Nessa hora, devemos levantar a voz e dizer: não aceitaremos. No Brasil, em que uma mulher é estuprada a cada 9 minutos: não aceitaremos. Em que três mulheres são vítimas de feminicídio a cada dia: não aceitaremos. Em que 1,3 milhão de mulheres são agredidas por ano: não aceitaremos. Não aceitaremos também porque entendemos que mover as estruturas de uma sociedade machista, é disputar politicamente também o campo e bola. E não só: o que acontece fora de campo é, no fim das contas, o futebol em seu significado máximo. Por isso, a violência sexual cometida por um jogador não é menor ou indiferente ao seu desempenho dentro das quatro linhas.
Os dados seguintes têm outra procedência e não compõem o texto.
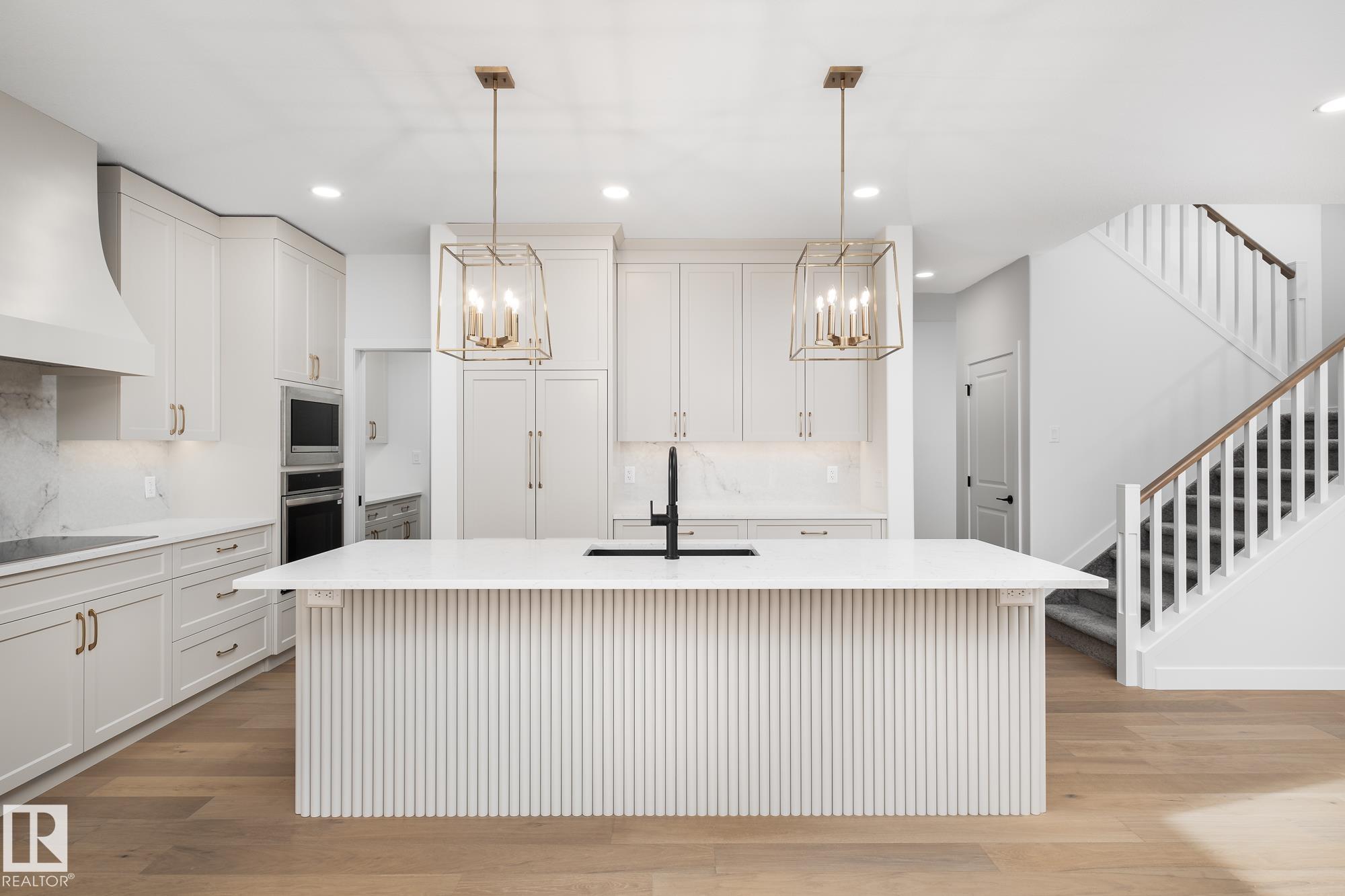 Photo 2 at 6884 Knox Loop SW, Keswick, Edmonton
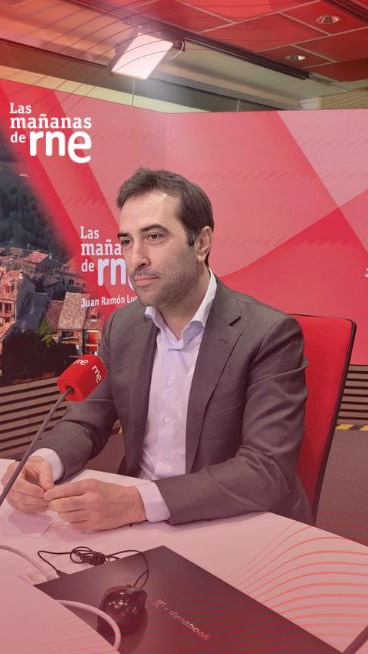 El vicepresidente primero y ministro de #economía, Carlos Cuerpo, lamenta los acuerdos de #PP y #Vox en #extremadura y cree que son “un paso para atrás” entre ellos el concepto de “prioridad nacional” sobre el acceso a las ayudas.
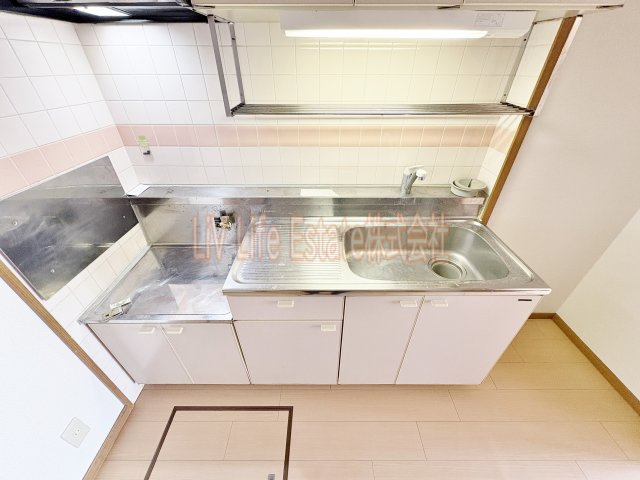 ＥＡＳＴ　ＭＡＲＵＧＩのキッチン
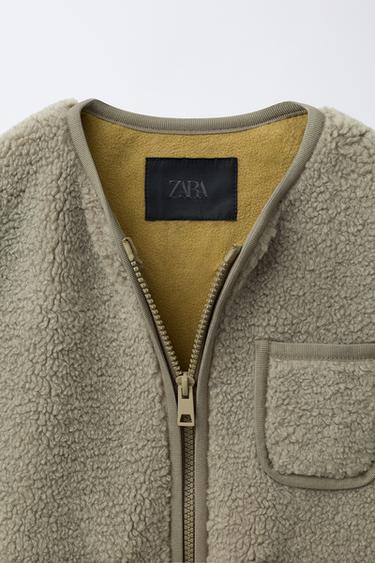 GILET EN PEAU LAINÉE SNOOPY PEANUTS™ - Beige clair de Zara - Image 3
Não há ídolo possível em jogo, quando falamos de um homem que violentou uma mulher fora dele.

Quando um clube contrata um jogador acusado, condenado ainda que não definitivamente, ou até que já cumpriu pena por crime de estupro, o recado é claro: não importa. O estupro é colocado para baixo do tapete, ignorado ou minimizado e essa mensagem é amplificada, porque aqui falamos do grande palco que é o futebol. No caso em especial do Robinho, o estupro é banalizado, uma vez que ele mesmo declara que o sexo oral praticado sem consentimento “não é transar”. Não, não é mesmo, é estupro. 
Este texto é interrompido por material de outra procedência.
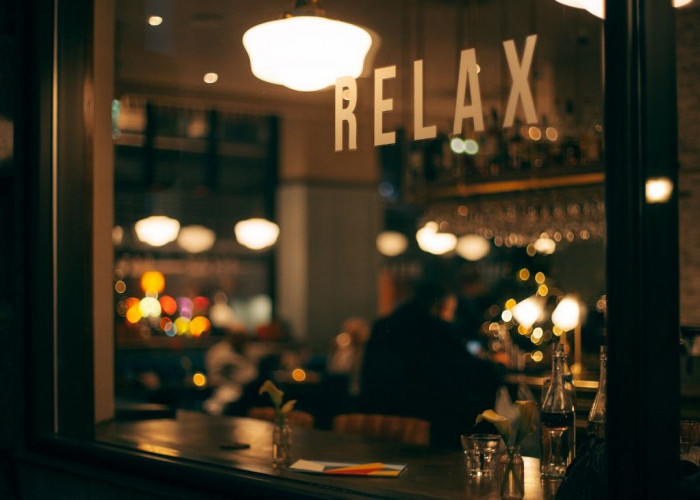 Musik Latar yang Bikin Betah: Suasana Coffee Shop Diciptakan Lewat Pilihan Playlist yang Chill!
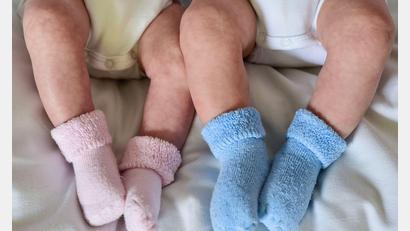 Bild: Patrick Pleul/dpa-Zentralbild/dpa
Hauptsache gesund, das allein reicht vielen Eltern heute nicht mehr. (Symbolbild)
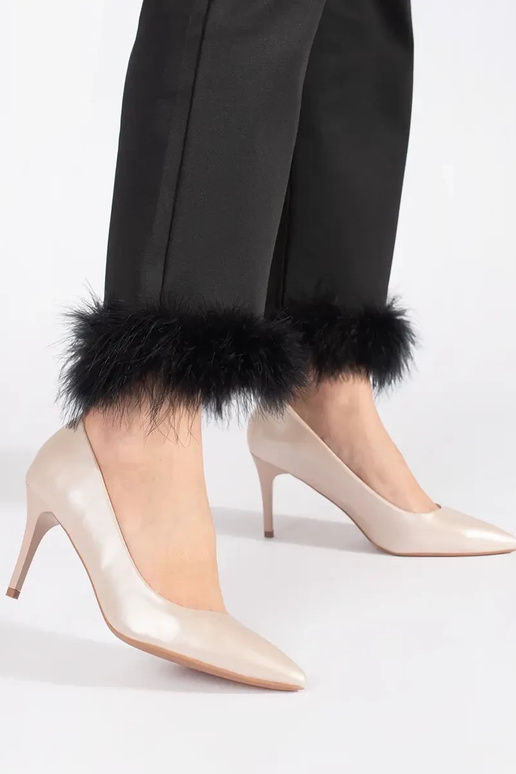 Hochhackige Schuhe mit dünnem Absatz Hochhackige Schuhe mit dünnem Absatz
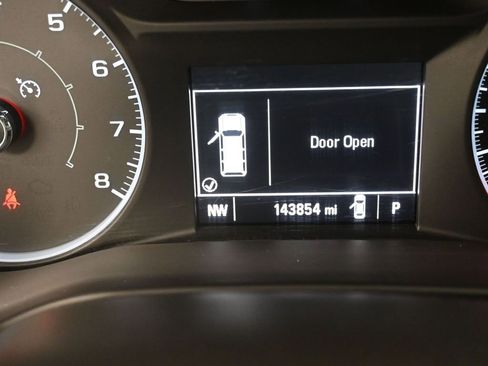 Used 2017 GMC Acadia SLE AWD/4WD image 39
A sociedade gosta de acreditar que o estuprador é um homem doente, antissocial, violento, que ataca mulheres indefesas em becos escuros. Mas a maioria dos estupradores são conhecidos da vítimas. Amigos, familiares, namorados, colegas. Homens comuns, que têm sua vida profissional e social regular. Homens que acreditam que tocar no corpo de uma mulher sem seu consentimento é algo natural e aceitável.

Vale lembrar que a paixão dos torcedores por seus ídolos e clubes é um sentimento poderoso e historicamente mobilizado por forças conservadoras, à exemplo do uso ufanista da Copa do Mundo de 70 pela ditadura militar ou mesmo por Bolsonaro em sua tantas convenientes e diferentes camisas de times brasileiros. Em um momento de ascenso do conservadorismo e de verdadeira cruzada empreendida contra o corpo das mulheres, ainda mais urgente se faz a denúncia contra qualquer possibilidade de que o esporte acolha estupradores, feminicidas e agressores de mulheres.

Felizmente, hoje existem muitos espaços de resistência que estão dispostos a somar vozes no debate público e pressionar para que o futebol e todo o meio esportivo seja parte da sociedade que desejamos construir. Se qualquer forma de violência contra a mulher não é o mundo que a gente quer, o futebol é parte desse e do mundo pelo qual lutamos, por isso que nele, inclusive, não aceitaremos a normalização da violência e da cultura do estupro.